Bild: Eine alte Tradition, neu belebt: Die Zeitkapsel wird wieder befüllt
Neuendorf im Sande taz | An den Moment, als sie mit dem Pastor die
Kirchenwand aufstemmten, kann Reinhard Dase sich noch gut erinnern. Es war
im Frühjahr 1975 und er war 15 Jahre alt, relativ frisch konfirmiert und
Teil einer Gruppe von Jugendlichen, die den Pfarrer bei kleineren Arbeiten
rund um die Kirche unterstützten. „Da ist noch was in der Wand“, hatte der
Pfarrer ihnen gesagt, und die Jugendlichen hatten daraufhin voller Spannung
die Wände des Kirchturms abgeklopft, bis sie den Ort fanden, an dem es hohl
klang.
Eingemauert im Kirchturm, an einer Stelle, die über die Kirchturmtreppe gut
zu erreichen ist, fanden der Pfarrer und die Jugendlichen eine Zeitkapsel
aus dem Jahr 1938. Die Zeitkapsel war in diesem Fall eine Apothekerflasche
aus braunem Glas mit Unterlagen zur [1][abgetragenen Kirchturmspitze]. Die
war nämlich in dem Jahr zurückgebaut worden, damit Piloten den nahe den
Dorf Neuendorf im Sande neu angelegten Flugplatz besser anfliegen konnten.
Der Flugplatz war Teil der Kriegsvorbereitungen. „Der Ort konnte damals
wenig dagegen machen, sie haben aber wohl im Gegenzug die Straße im Dorf
gepflastert“, erzählt Dase.
Zeitkapseln sind Gefäße, in denen Dinge oder Unterlagen für künftige
Generationen verwahrt werden. Sie werden oft beim Baubeginn in den
Grundstein mit eingemauert. In Kirchen sind sie häufig in der Kugel der
Kirchturmspitze – und damit eigentlich nur bei Renovierung zugänglich. In
Neuendorf, einem Ort in der Nähe von Fürstenwalde östlich von Berlin, mit
seiner fehlenden Kirchturmspitze, ist sie nun leichter zugänglich.

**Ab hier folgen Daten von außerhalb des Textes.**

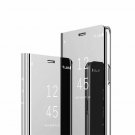 For Galaxy A7 2018 A750 Case Mirror Design Clear Flip Bookstyle Luxury Silver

Der Pfarrer habe damals ein paar Zeilen zur aktuellen Situation in
Neuendorf geschrieben und zusammen mit einem Foto der Konfirmanden und ein
paar Münzen zurück in die Kapsel getan und sie wieder eingemauert. Als Dase
eines Abends im vergangenen September in einer Runde mit anderen
Neuendorfer*innen von seinen Erinnerungen erzählt, sind die sofort
begeistert. Noch am selben Abend gehen sie mit dem heutigen Pfarrer in die
Kirche und klopfen die Wand an der Stelle ab, an die Dase sich erinnert.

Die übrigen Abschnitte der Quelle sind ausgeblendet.